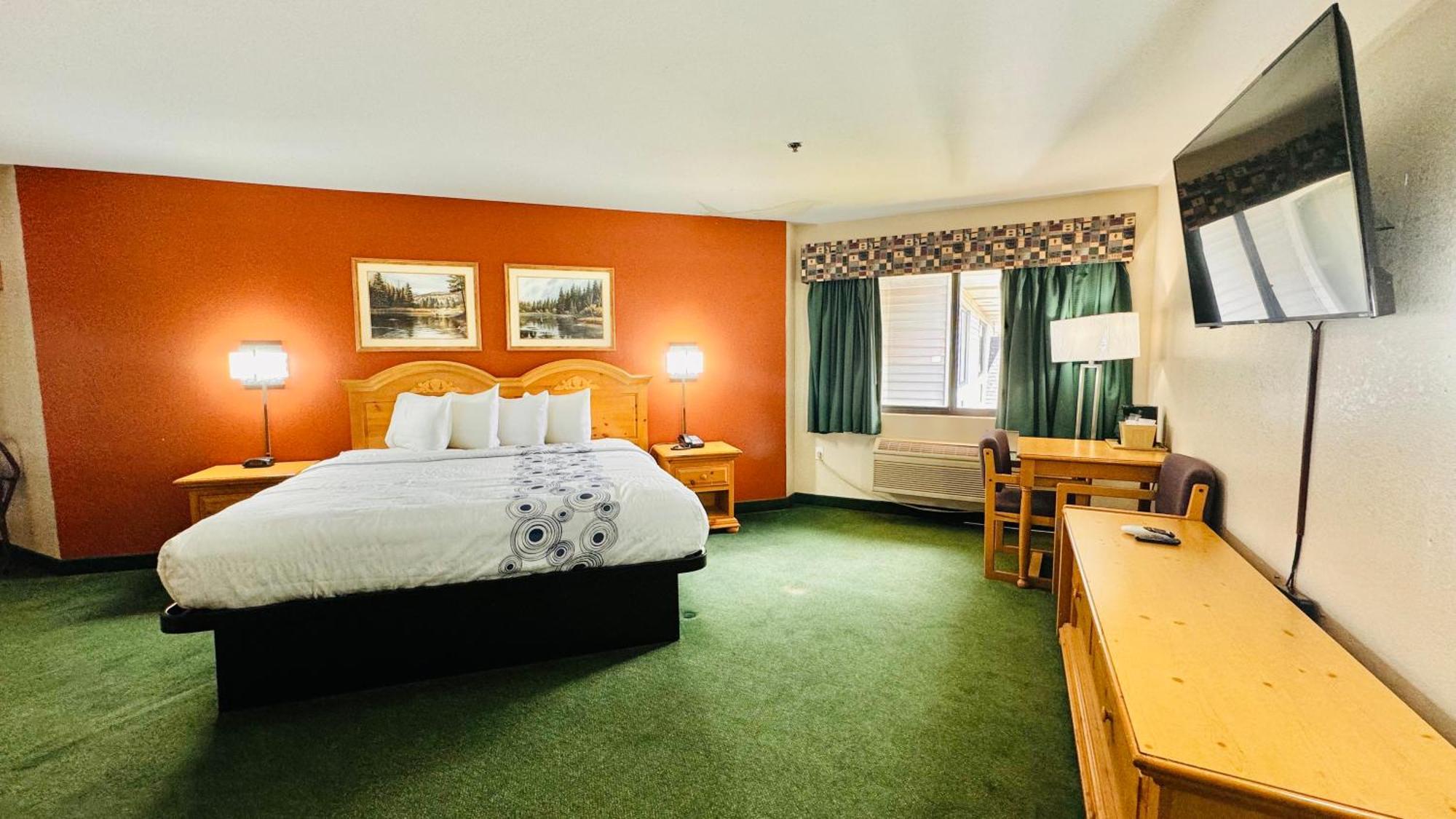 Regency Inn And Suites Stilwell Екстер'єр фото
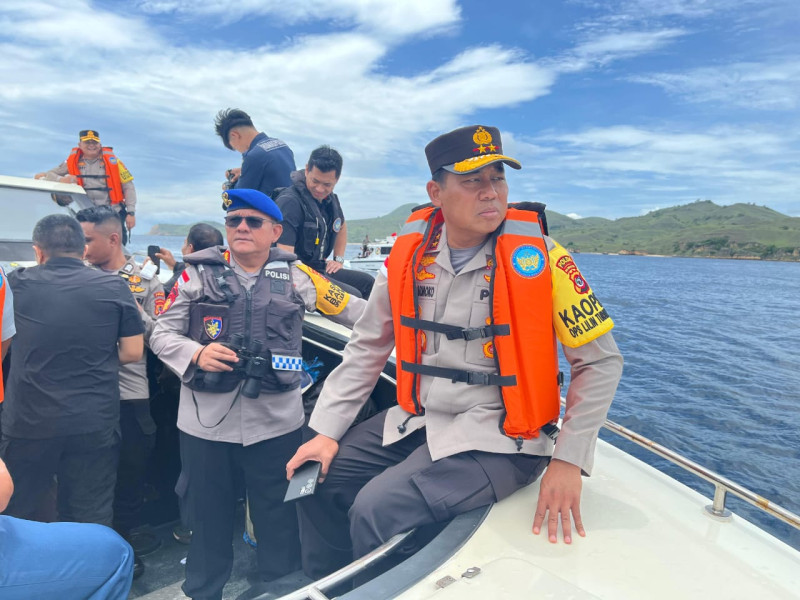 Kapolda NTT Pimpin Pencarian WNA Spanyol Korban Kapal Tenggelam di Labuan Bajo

────────

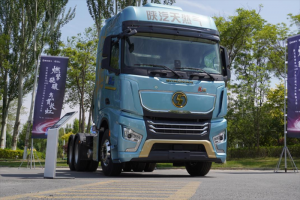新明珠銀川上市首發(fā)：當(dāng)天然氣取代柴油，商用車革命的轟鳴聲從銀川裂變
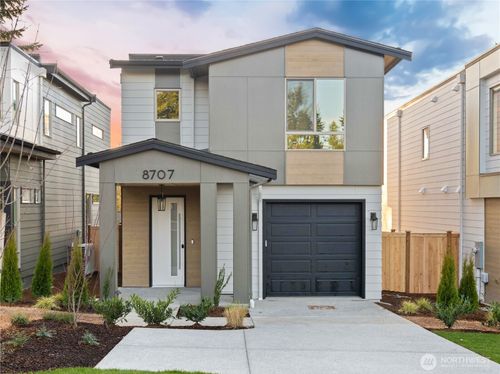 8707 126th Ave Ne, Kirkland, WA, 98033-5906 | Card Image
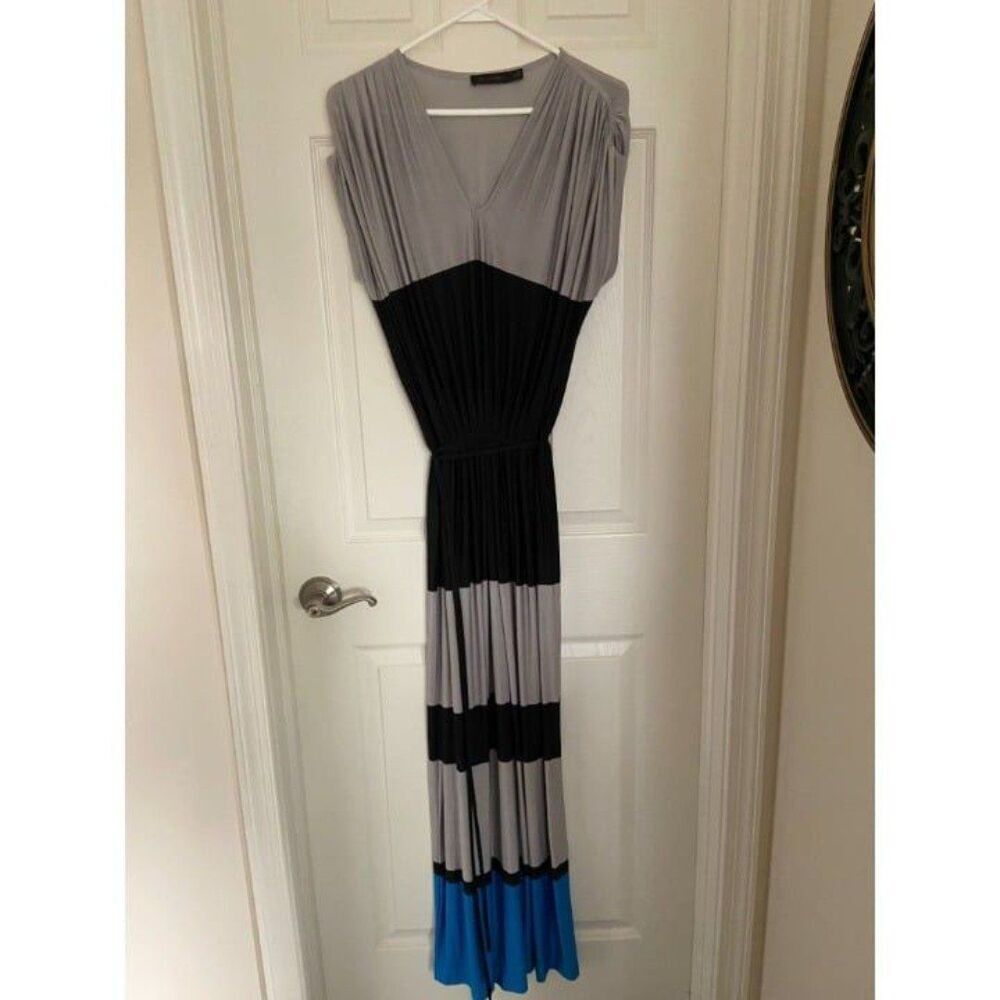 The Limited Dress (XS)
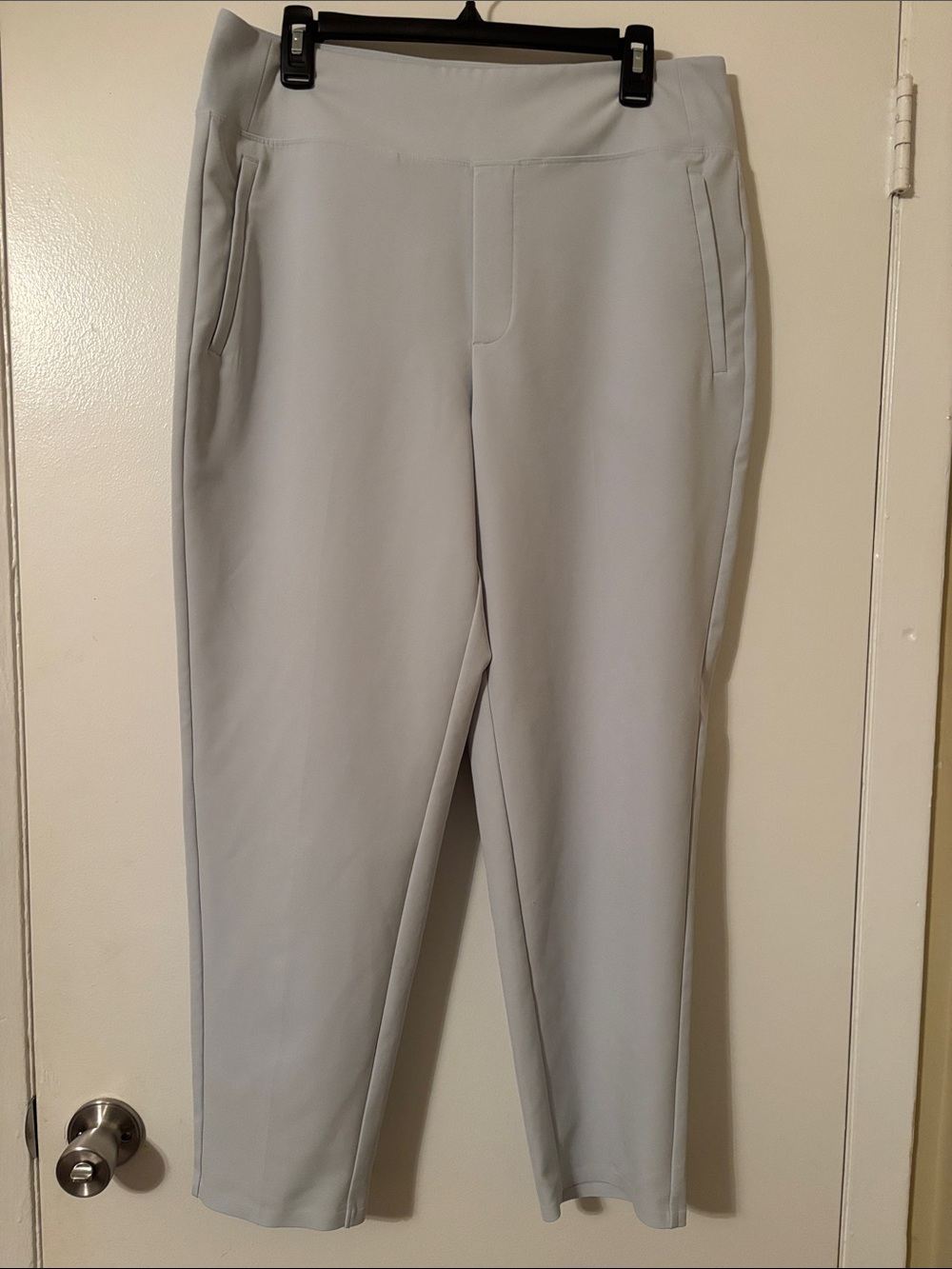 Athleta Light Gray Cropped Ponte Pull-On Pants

────────

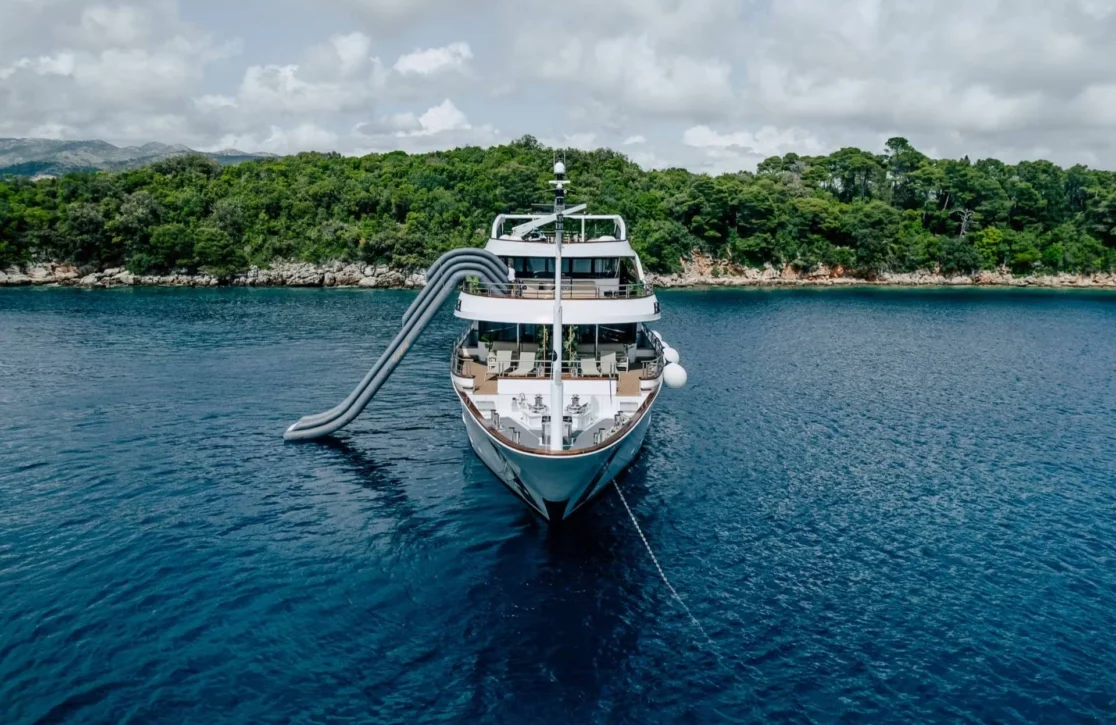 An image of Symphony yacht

────────

What you will do — Transcribe, exactly and without pictures, everything in the data from the line with "8707 126th Ave" down to the line with "Athleta Light Gray", both included.

Result of this task —
 8707 126th Ave Ne, Kirkland, WA, 98033-5906 | Card Image
 The Limited Dress (XS)
 Athleta Light Gray Cropped Ponte Pull-On Pants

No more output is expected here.